• Exercise requirements
Transcribe the listing exactly as written. Leave the images out.

(Source data begins)

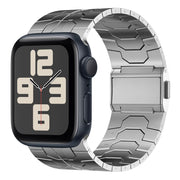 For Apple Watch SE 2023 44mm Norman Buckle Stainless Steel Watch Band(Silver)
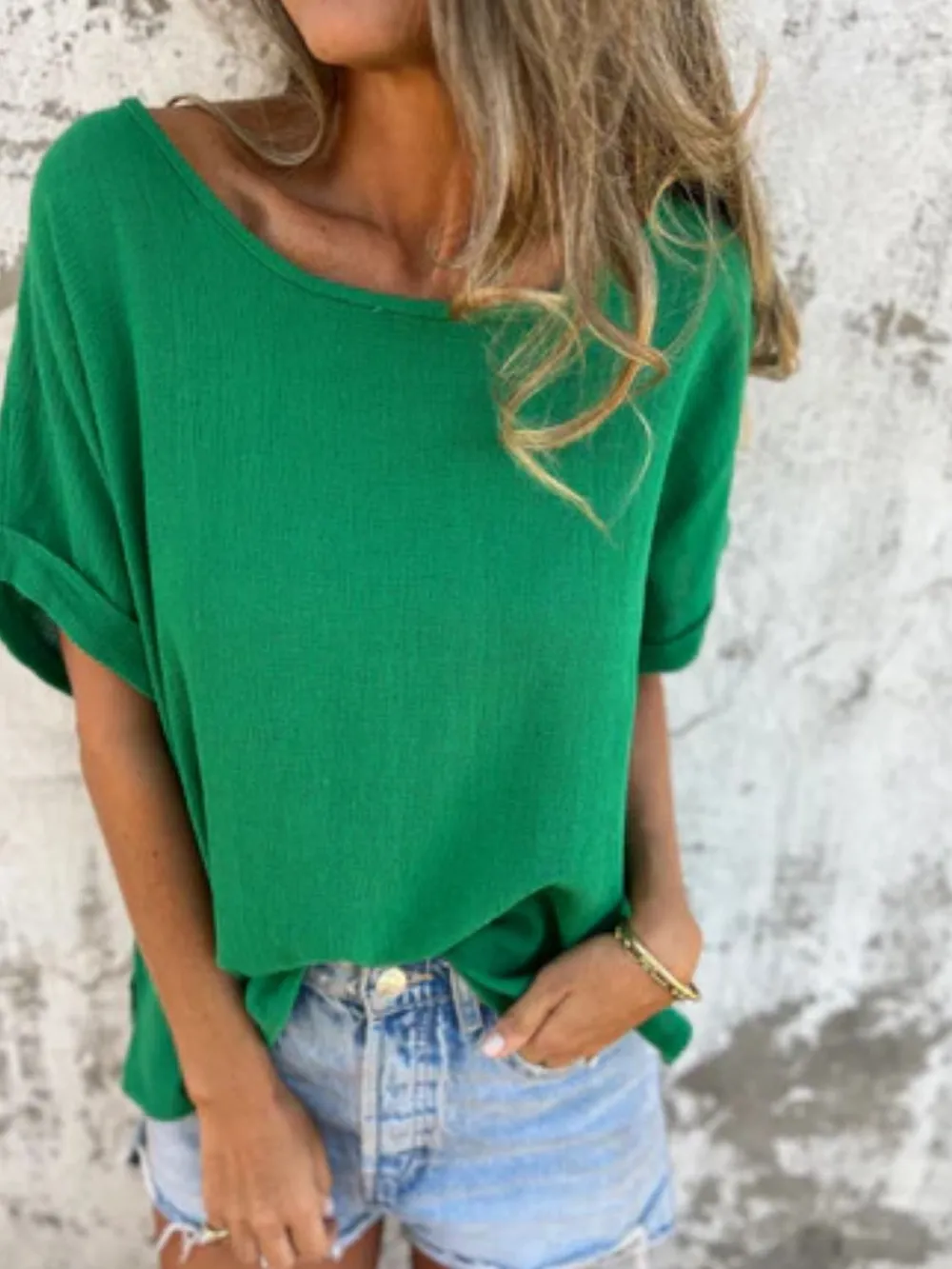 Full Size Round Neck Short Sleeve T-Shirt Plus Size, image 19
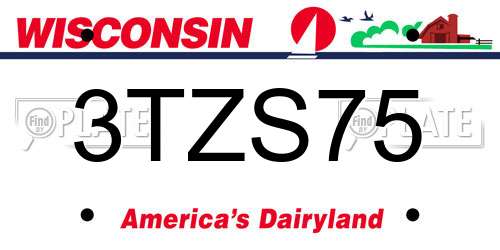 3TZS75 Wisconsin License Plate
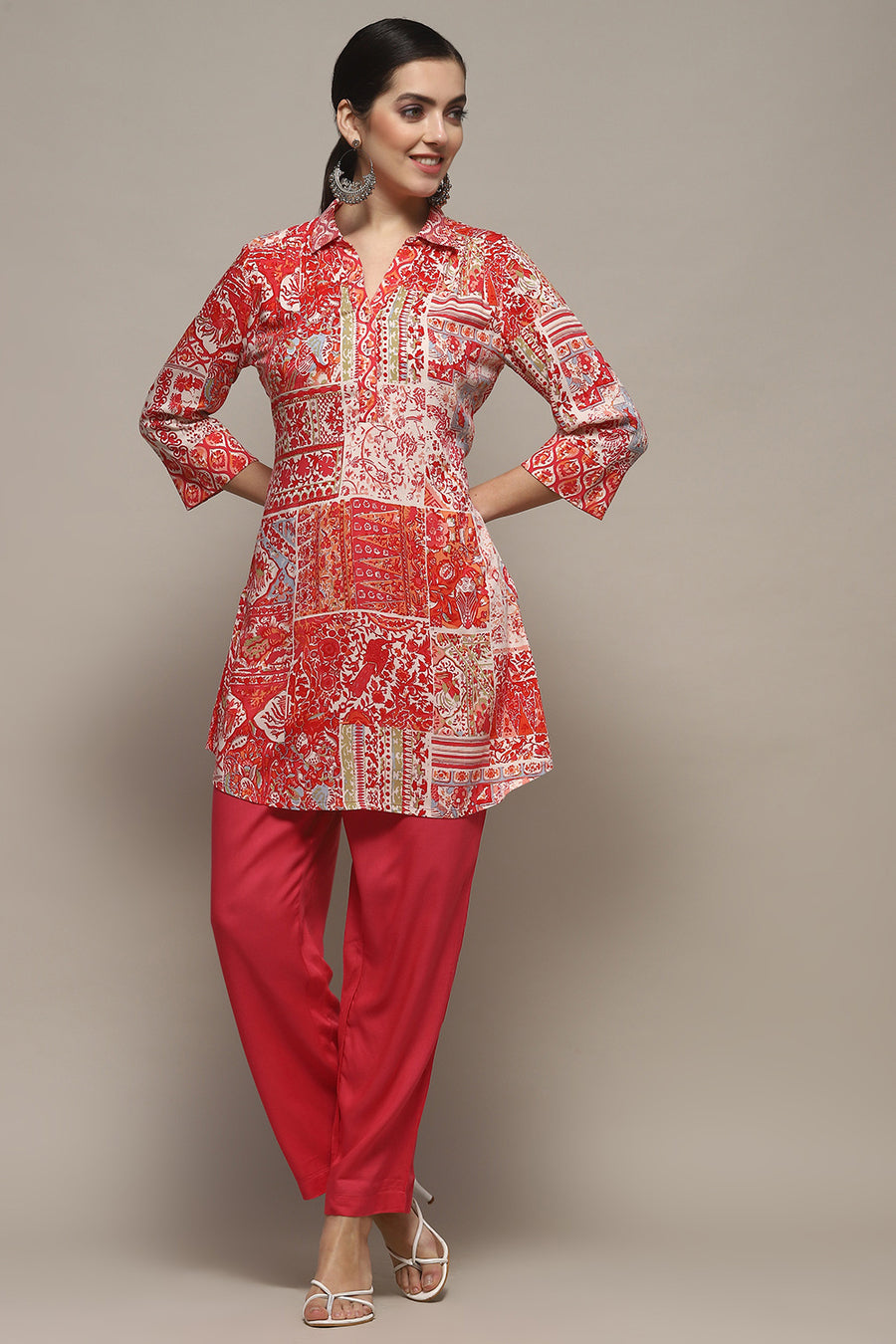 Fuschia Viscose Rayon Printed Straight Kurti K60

(Source data ends)

• Exercise output
 For Apple Watch SE 2023 44mm Norman Buckle Stainless Steel Watch Band(Silver)
 Full Size Round Neck Short Sleeve T-Shirt Plus Size, image 19
 3TZS75 Wisconsin License Plate
 Fuschia Viscose Rayon Printed Straight Kurti K60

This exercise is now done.